Oscar Wilde, qui se plaisait à ses propres fables, portait deux bagues, dont l’une, prétendait-il, attirait le bonheur et l’autre le malheur. « Car, ajoutait-il, je n’ai jamais mélangé, comme la plupart des gens, mes parts de bonheur et de malheur. Je fus longtemps le plus heureux des hommes, je mérite bien d’en être le plus malheureux. Pour le moment, je subis l’influence de la mauvaise bague. »

Fataliste et stoïque, il souriait alors douloureusement à je ne sais quels affreux souvenirs, mais oubliait bientôt ses peines en imaginant quelque conte dont le héros était invariablement un roi ou un dieu, déployant ses aventures dans un palais de marbre, parmi les fleurs, les bannières et les musiques. Le rêve le consolait de la vie.

Je connus Oscar Wilde à Londres, au moment suprême de sa célébrité. Il allait par la ville, entouré de disciples, étonnant la foule, recherché de l’élite ; trois théâtres jouaient simultanément ses pièces. Dorian Gray, qui devait faire scandale, allait paraître. Il venait de publier Intentions, livre impertinent et paradoxal, où il s’amusait à retourner, la tête en l’air, les aphorismes favoris de la bourgeoisie. Spirituel iconoclaste, il divertissait le public tout en lui faisant peur. Je crois même qu’entre deux coupes de champagne il faisait volontiers profession d’anarchie. Il avait déjà des détracteurs au fond des presbytères, mais peu d’ennemis dans la littérature, car il était foncièrement bon. Lui, qui devait connaître toute l’amertume de l’ingratitude humaine, ne profita jamais de son autorité pour nuire à un adversaire. Il ne se mesurait qu’à force égale.

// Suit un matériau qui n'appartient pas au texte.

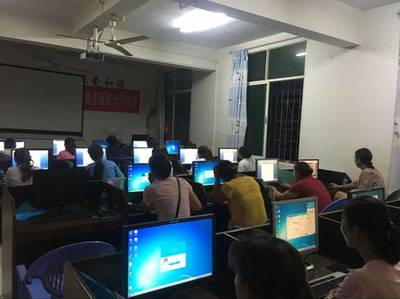 景讷乡基层妇女干部计算机技术培训活动圆满举办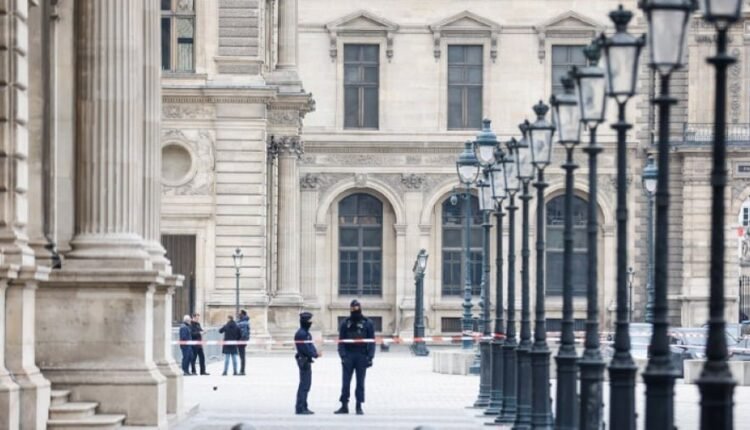 Γαλλία:-Η-πρόεδρος-του-Λούβρου-ζητεί-την-εγκατάσταση-αστυνομικού-τμήματος-στο-Μουσείο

D’ailleurs cet homme, qui pouvait paraître un peu trop naïvement glorieux, s’humiliait devant ceux qu’il reconnaissait comme ses supérieurs. Un soir, au Garrick Club, je le vis trembler comme un débutant en présence de Walter Pater, l’incomparable styliste de Marius l’Épicurien. Il fut le familier respectueux de Burne Jones, Walter Crane, Swinburne, Ruskin, Rossetti, Robert Browning. Bref, selon les idées de ce monde, Oscar Wilde fut parfaitement heureux, et, ce qui est rare, le savait et le disait.

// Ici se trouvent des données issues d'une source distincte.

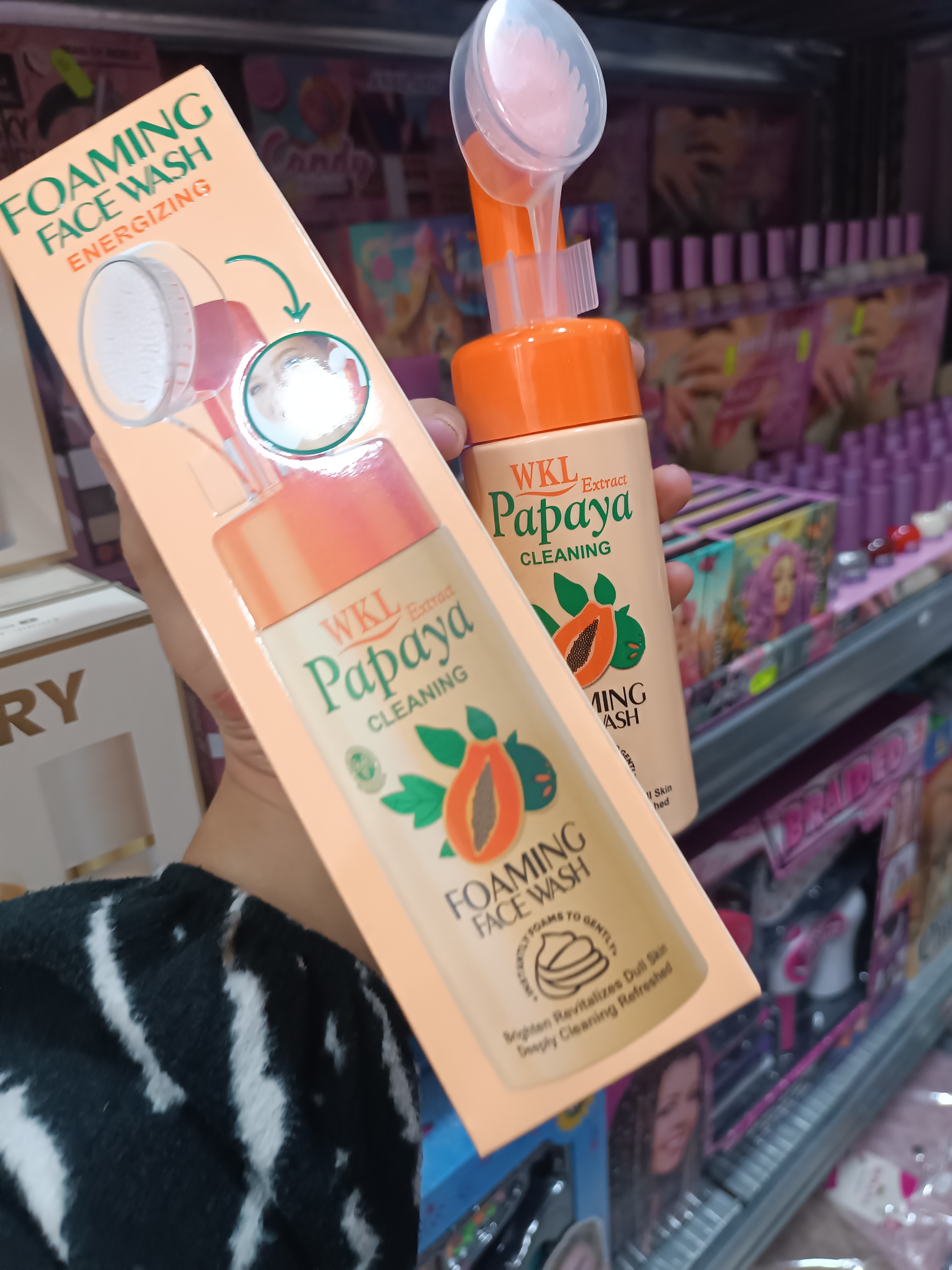 Mousse de papaye pour nettoyer la peau en profondeur et raviver son éclat naturel.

Il suffit d’un procès follement engagé par lui contre le marquis de Queensbury pour que ce rêve trop beau s’écroulât. Oscar Wilde se réveilla un matin dans un cachot, parmi les ruines de sa vie et de son œuvre. Ses pièces furent retirées de l’affiche, ses livres mis au pilon, et ses amis feignirent ne l’avoir jamais connu. Il n’était même plus Oscar Wilde : il était le détenu C. 3. 3. C’est de ce chiffre qu’il signa l’édition anglaise de la Ballade de la Geôle de Reading.

Il n’avait cependant pas assez souffert. Il devait encore être puni dans la personne des siens. C’est à Reading qu’il apprit la mort de sa mère ; après sa libération, il perdit sa femme ; enfin récemment, son frère lui fut enlevé. Il ne reste, je crois, de son nom que ses deux fils qu’il n’osait voir que clandestinement, à Genève.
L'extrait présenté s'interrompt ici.